The four of us were mostly silent on the way over. I wasn’t sure if I could consider the lingering hormones a part of it. It was a stranger feeling in the air, like fates were intertwining and little voices were whispering in the back of all our heads that this situation wouldn’t last. We would have falling outs and all manage to hate each other once we decided where we thought our lives were going. He would change majors. She would drop out. He would do everything perfectly and be left with even more to think about, and she would be called a slut by her friends when we all managed to betray one another in plain view. A repeat of an episode that elegantly reiterated: this is how it’s always going to be. Nothing will ever change.
It wasn’t so difficult walking in. Apparently Gina and some other lost and dazed babies had spread the word on the suburban working-class circuit, managing to make all the masses draw to one single empty stock of real estate like it was a magnetic perversion. They were all there, using parental prescriptions and estimating dosage. The hippest ones hid in upstairs bedrooms, smoke and ash filtering out into the hallway. The popular ones made it look like they mingled long enough before escaping to those dark rooms. There were those lost in the thick of it all. College offered no solutions. Some had already dropped out, while others were adamant about the idea of reconsidering there options. The attendants and bus boys, those with stubble and new haircuts, cigarettes in their mouths, and the most familiar of disapproving looks homing on the four of us as we walked in the front door.
There were those we knew for the longest of times, and had been through their own brash ceremonies of initiation. They were like all the rest now; full of stories that offered only small snapshots of what it was like to be an intricate part in the fall of modern civilization. They had to invite some of them. There were the older brothers collecting for the alcohol or varying stimulants. Those in the corner surrounded by wide-eyed inquisitors looking for popularity intermixed with mind-numbing psychotropic substances. My best friend from third grade danced like an asshole with the first girl I thought about when I masturbated. Surprisingly enough it wasn’t Gina. She would come in later; taking center stage, and occupying that particular corner of Broadway like it was Cats.

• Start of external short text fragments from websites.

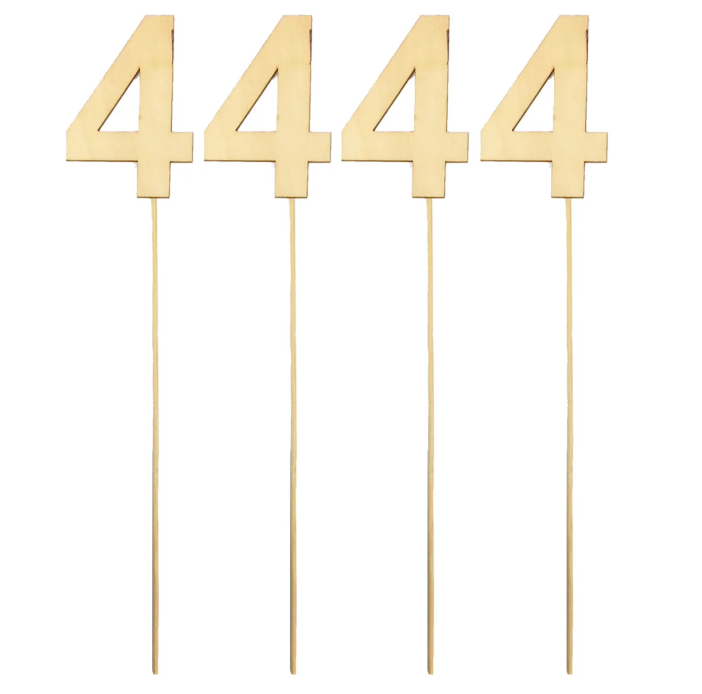 Wood Number with Stick 4” (x4u)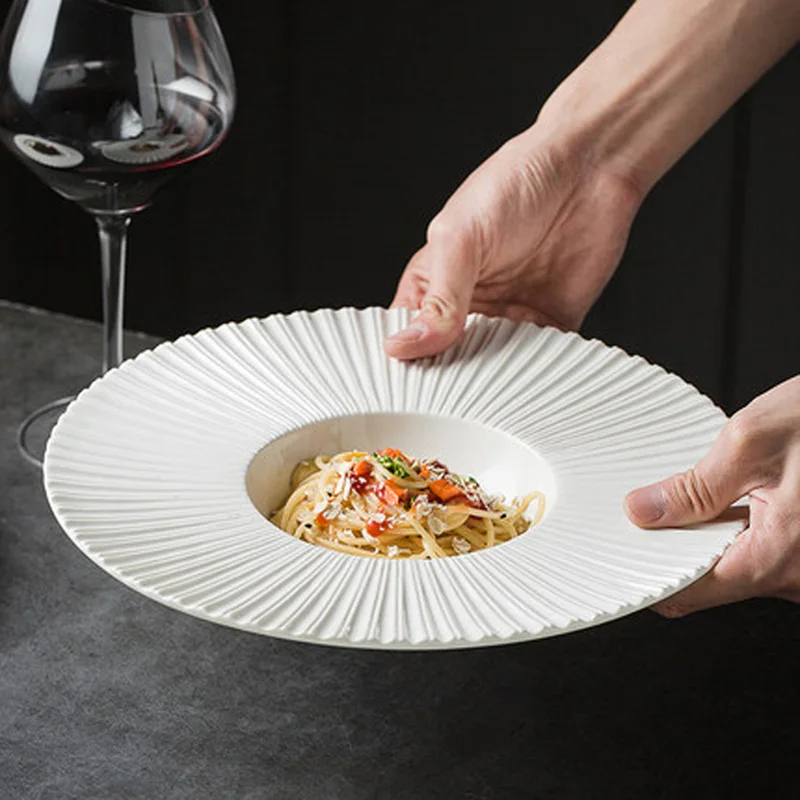 

Простая белая керамическая тарелка, соломенная шляпа, тарелка для летающих блюдец, тарелка для макаронных изделий, тарелка для супа в западном стиле, тарелка для ресторана, отеля, коммерческого использования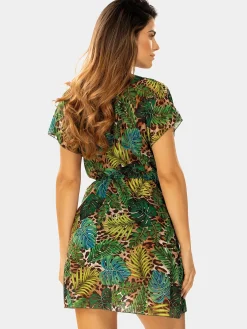 Tunika plażowa wiązana przed kolano F218/908 khaki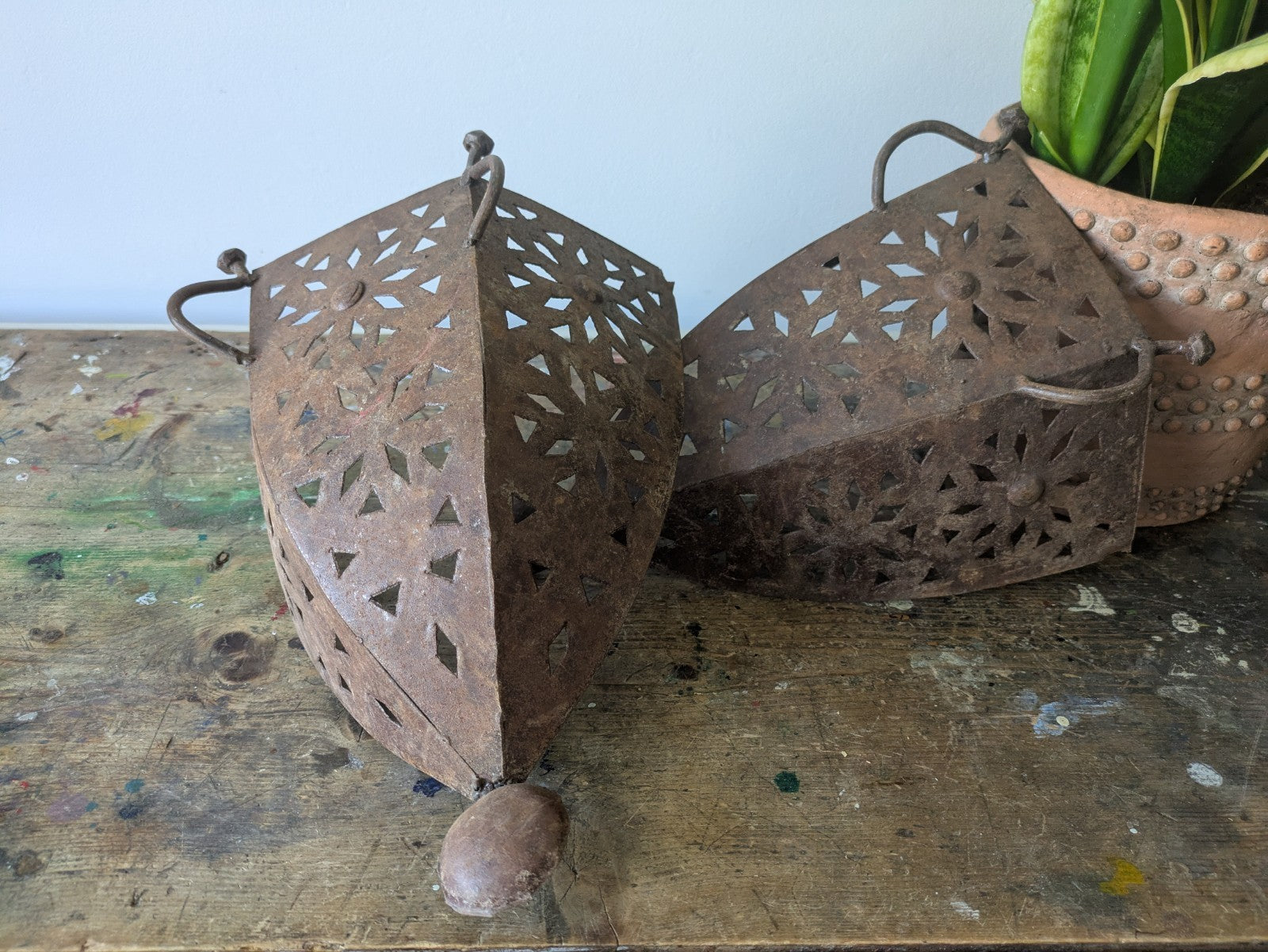 Pair Handmade Pierced Open Iron Moroccan Wall Sconces Lights Candles Lamp Decor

Harris and Elisha stayed close, first finding booze, and then a hiding place. I was with Rosa for awhile. I paid for her cup as we began to down foamy liquid in unison. Her eyes wandered and so did mine. I didn’t see Gina, despite the constant searching. I thought about her upstairs, moaning on her back, or passing a joint around with friends, all of them magically tied to whatever story she was telling. It could have been on the dullest of subjects, and yet that wouldn’t have mattered. I could have written chapters on her way of telling it. Her smiles and smirks, stares of subtle distance, and blurred nuances that managed to get to me in the worst of possible ways. They existed in the last place anyone would look. I couldn’t get the idea of her out of my head.
After about an hour of awkward corner hopping, the occasional look of “What the fuck are you doing here?” coming from all those who weren’t used to Rosa or myself, she quickly appeared in the living room, dressed in summer attire and ready to spark magnitudes of falling interest from guys like myself. We were all stuck in our repertoires and fixations, and like a moth to the flame I wandered away from Rosa and towards a sense of muffled destiny. It would prove less than cataclysmic. I was far too ready for shades of self-embarrassment. The summer had managed to make me somewhat forget the regularly accepted rules of the trade. It wasn’t that easy. It would never be that easy.